La economía española ha sido un ejemplo reciente de rápido crecimiento entre los países desarrollados. Los presidentes del gobierno español se permitían ir por el mundo dando lecciones de cómo hacer crecer una economía y adelantar a sus “rivales” económicos. Los comentarios del presidente Zapatero sobre el avance de España a Italia en términos de pib per cápita fueron el último ejemplo. Pero el “milagro” económico español de los últimos diez años languidece. El gobierno español culpa a la crisis internacional de los graves problemas económicos en lo que los psicólogos llamarían atribución externa de los problemas, cuando los éxitos se atribuían a aciertos internos. Sin embargo, el crecimiento económico español había sembrado la semilla de una crisis propia. Un crecimiento muy dependiente del sector inmobiliario (que llegó a representar el 18% del PIB y absorber el 60% del crédito total) y del aumento rápido del endeudamiento de familias y empresas con fondos provenientes del exterior (un déficit exterior del 10% del PIB) no es de ninguna manera un modelo de crecimiento saludable. Una economía con un crecimiento nulo de la productividad, como era el caso español, estaba destinada al fracaso en el medio plazo. La enorme burbuja inmobiliaria española era insostenible con o sin crisis internacional. Los problemas financieros internacionales simplemente hicieron patente la imposibilidad de posponer el necesario reajuste del modelo de crecimiento a la española.
Castillos en el aire: factores psicológicos en las crisis… ¡y en las expansiones!
Los efectos psicológicos y, en particular, la pérdida de confianza, juegan un papel importante en las crisis. Pero no debemos olvidar que el exceso de confianza fue un factor muy importante en la insostenible expansión del periodo anterior. El mantenimiento de unas expectativas irracionales sobre el crecimiento futuro del precio de la vivienda y un conjunto de falacias populares relacionadas con el sector inmobiliario (entre las que destacaba la creencia de que el precio de la vivienda no podía caer) provocaron una expansión insostenible del sector de construcción residencial. Los poderes públicos deberían haberse planteado el “apaciguamiento del exceso de confianza”, especialmente ante el descarado intento de propagar un optimismo injustificado sobre la evolución futura del sector inmobiliario por parte de los promotores y constructores españoles.
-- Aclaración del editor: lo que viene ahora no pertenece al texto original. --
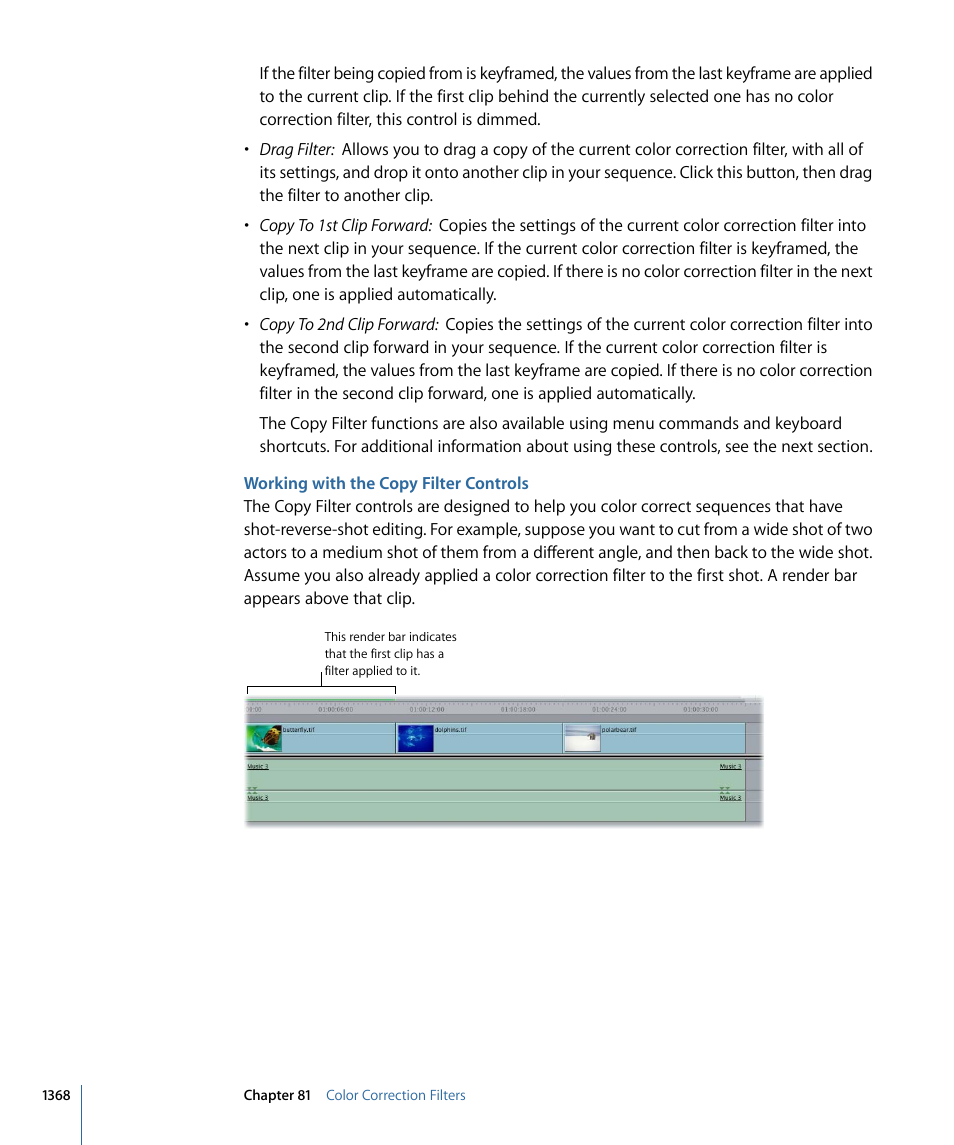 Working with the copy filter controls | Apple Final Cut Pro 7 User Manual | Page 1368 / 1990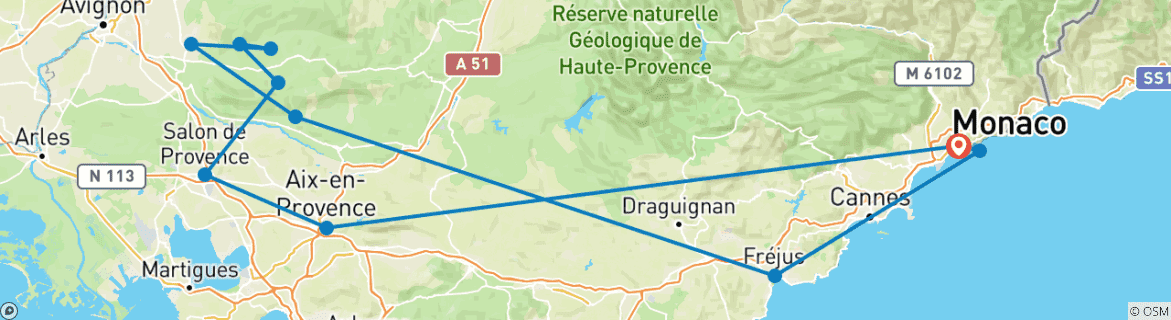 Image d'une carte montrant l'itinéraire du circuit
También merece la pena señalar que los factores psicológicos normalmente se activan a partir de problemas reales. En ese sentido era lamentable ver a los representantes del gobierno, y algunos analistas económicos españoles, decir al comienzo de la crisis que los problemas económicos “sólo estaban en la cabeza de los ciudadanos” y que la crisis “no era real”. Y mientras tanto la destrucción de empleo se aceleraba y el exceso de endeudamiento provocaba problemas financieros a multitud de familias.
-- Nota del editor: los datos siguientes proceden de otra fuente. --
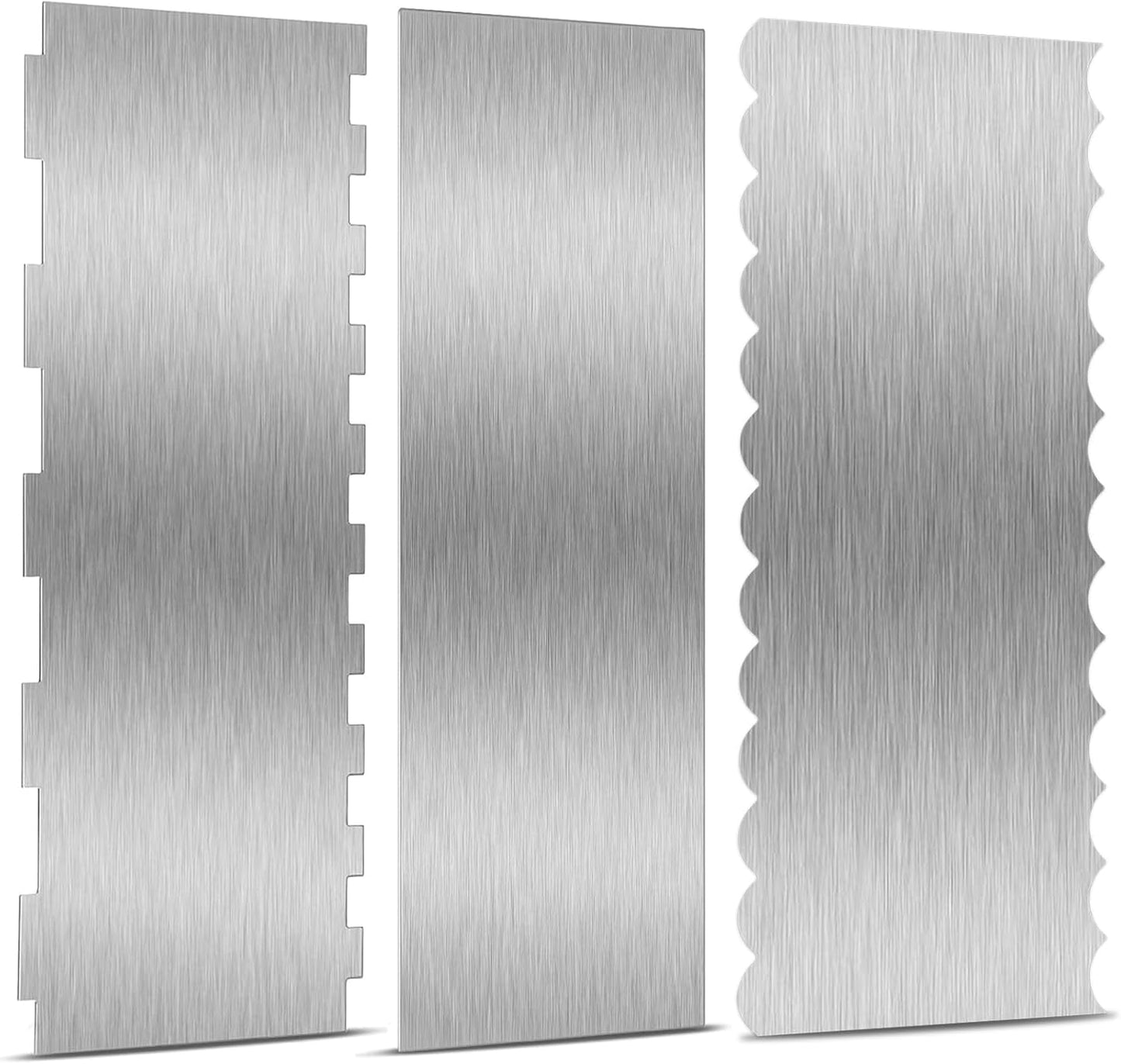 2 Pieces 8.7 Inche Stainless Steel Cake Scraper Double Sided Patterned Edge Stripe Edge Smoother Frosting Scraper Cake Decorating Cake Decorating Comb Cake Scraper For Butter Cream Mousse(2, 2)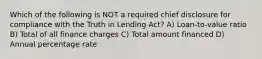 Which of the following is NOT a required chief disclosure for compliance with the Truth in Lending Act? A) Loan-to-value ratio B) Total of all finance charges C) Total amount financed D) Annual percentage rate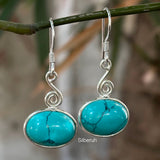 Turquoise Swirl Silver Earring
Pero, sin duda, la pérdida de confianza ha tenido cierta influencia en la profundidad de la crisis actual. ¿Cómo se puede recuperar la confianza? Básicamente siendo transparente y realista sobre la situación económica. Ésta es la aproximación adoptada por Barak Obama. Frases como “aún no hemos tocado suelo” o “hay signos de mejora pero la recuperación será larga” ejemplifican esta opción.
¿Cómo no se genera confianza? No se genera confianza negando la crisis cuando hay ya indicaciones claras de su existencia, como hizo el gobierno español. Esta actitud hace perder la credibilidad y dificulta la capacidad de generar confianza en el futuro, cuando realmente aparezcan los signos de recuperación. Tampoco se genera confianza haciendo predicciones imposibles sobre momentos de recuperación futura (“la economía empezará a generar empleo en marzo de 2009” o “la reunión del G20 marca el comienzo de la recuperación”) como ha hecho el presidente Zapatero.
Por tanto, la confianza es un factor importante en la evolución de la economía, pero recuperar la confianza requiere algo más que declaraciones solemnes y grandilocuentes. Precisa un análisis realista y sustentado en la evidencia.
Gastad, gastad, malditos
Ante los problemas generados por la crisis económica los gobiernos actuaron inicialmente con las recetas habituales. Se pensó que la bajada de los tipos de interés, que tanto éxito tuvo después de la burbuja tecnológica, podría resolver la crisis. Sin embargo, y al igual que ya sucediera en el caso japonés donde también coincidieron el pinchazo de una burbuja inmobiliaria y bursátil, la munición monetarista no dio los frutos deseados. Tras reducir los tipos de interés a niveles cercanos a cero, la Reserva Federal comenzó una expansión cuantitativa (que los economistas denominan gráficamente como “tirar dinero desde helicópteros”), que fue seguida por el Reino Unido.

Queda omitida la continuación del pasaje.